## EXERCISE INSTRUCTIONS
From the entries below, reproduce exactly the lines from the one with "So that's how" through the one with "Inside each Labspace, you", both included, without images.

## WORKING DATA
↓

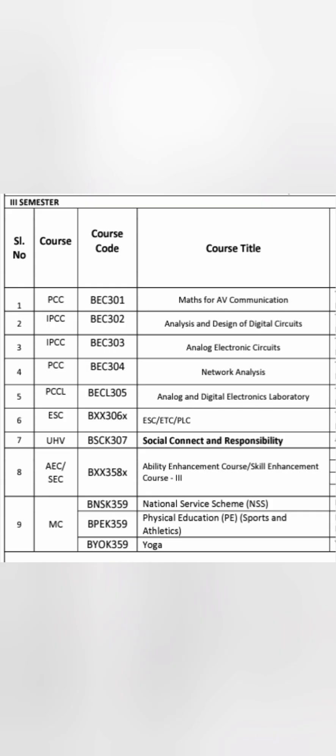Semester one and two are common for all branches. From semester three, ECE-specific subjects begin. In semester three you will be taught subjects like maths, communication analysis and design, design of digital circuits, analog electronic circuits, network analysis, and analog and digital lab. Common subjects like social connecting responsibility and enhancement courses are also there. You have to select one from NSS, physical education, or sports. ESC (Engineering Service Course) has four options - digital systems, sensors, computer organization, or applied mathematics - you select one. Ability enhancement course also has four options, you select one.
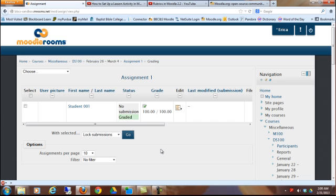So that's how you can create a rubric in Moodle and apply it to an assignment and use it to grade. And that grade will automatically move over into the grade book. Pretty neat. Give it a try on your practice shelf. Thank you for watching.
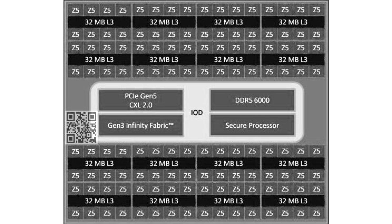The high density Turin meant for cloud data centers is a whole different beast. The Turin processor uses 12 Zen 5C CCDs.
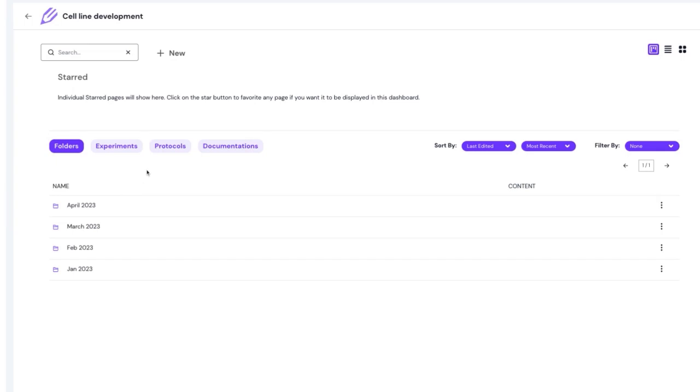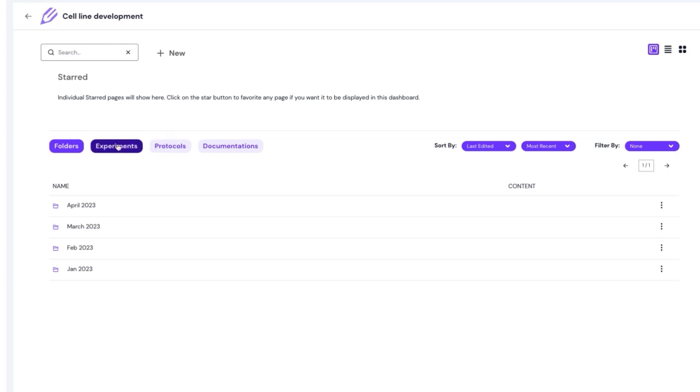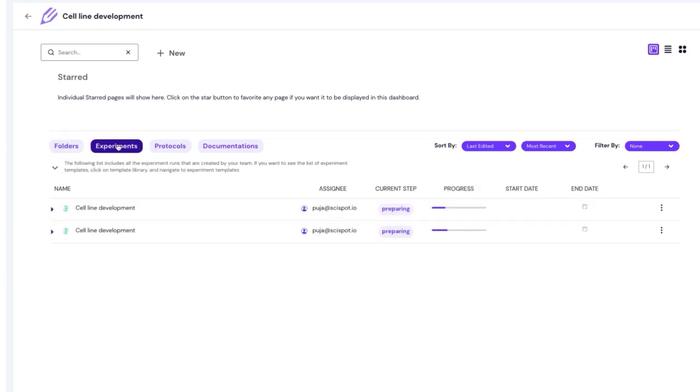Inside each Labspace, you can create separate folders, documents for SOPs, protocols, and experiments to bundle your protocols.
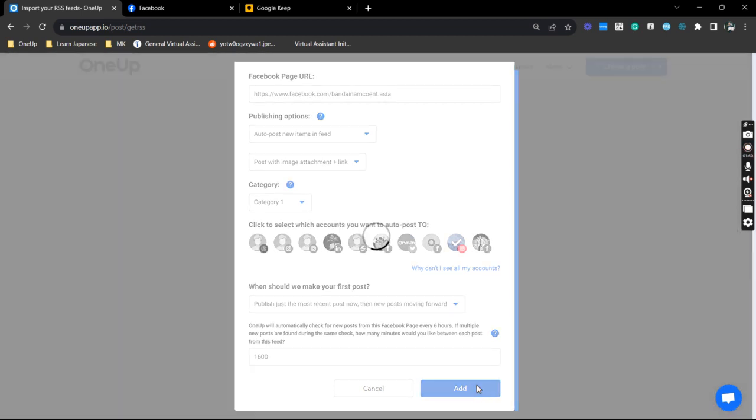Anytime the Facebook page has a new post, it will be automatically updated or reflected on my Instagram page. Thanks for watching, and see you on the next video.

↑
↓

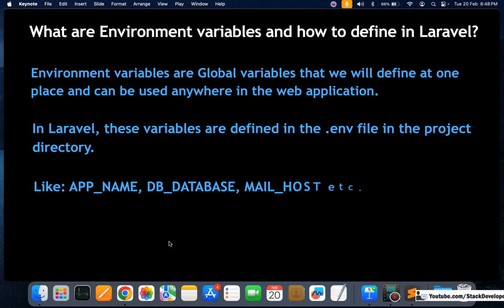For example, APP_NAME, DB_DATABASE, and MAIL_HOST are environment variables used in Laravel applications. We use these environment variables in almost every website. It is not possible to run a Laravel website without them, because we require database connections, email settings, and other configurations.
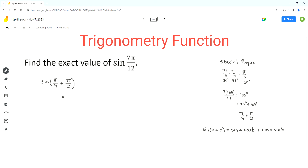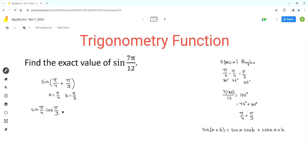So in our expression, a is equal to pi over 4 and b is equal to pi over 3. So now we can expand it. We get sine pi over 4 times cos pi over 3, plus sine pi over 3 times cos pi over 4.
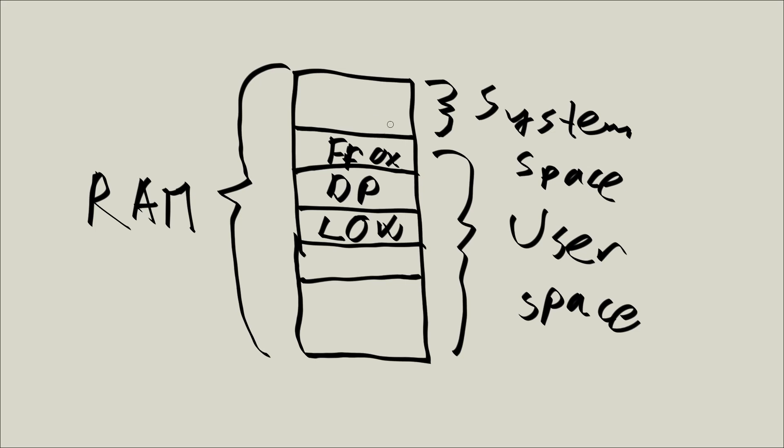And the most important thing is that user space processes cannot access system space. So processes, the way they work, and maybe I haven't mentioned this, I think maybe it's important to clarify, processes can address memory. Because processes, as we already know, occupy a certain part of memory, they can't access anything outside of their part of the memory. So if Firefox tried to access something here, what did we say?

↑

## TASK SOLUTION
So that's how you can create a rubric in Moodle and apply it to an assignment and use it to grade. And that grade will automatically move over into the grade book. Pretty neat. Give it a try on your practice shelf. Thank you for watching.
The high density Turin meant for cloud data centers is a whole different beast. The Turin processor uses 12 Zen 5C CCDs.
Inside each Labspace, you can create separate folders, documents for SOPs, protocols, and experiments to bundle your protocols.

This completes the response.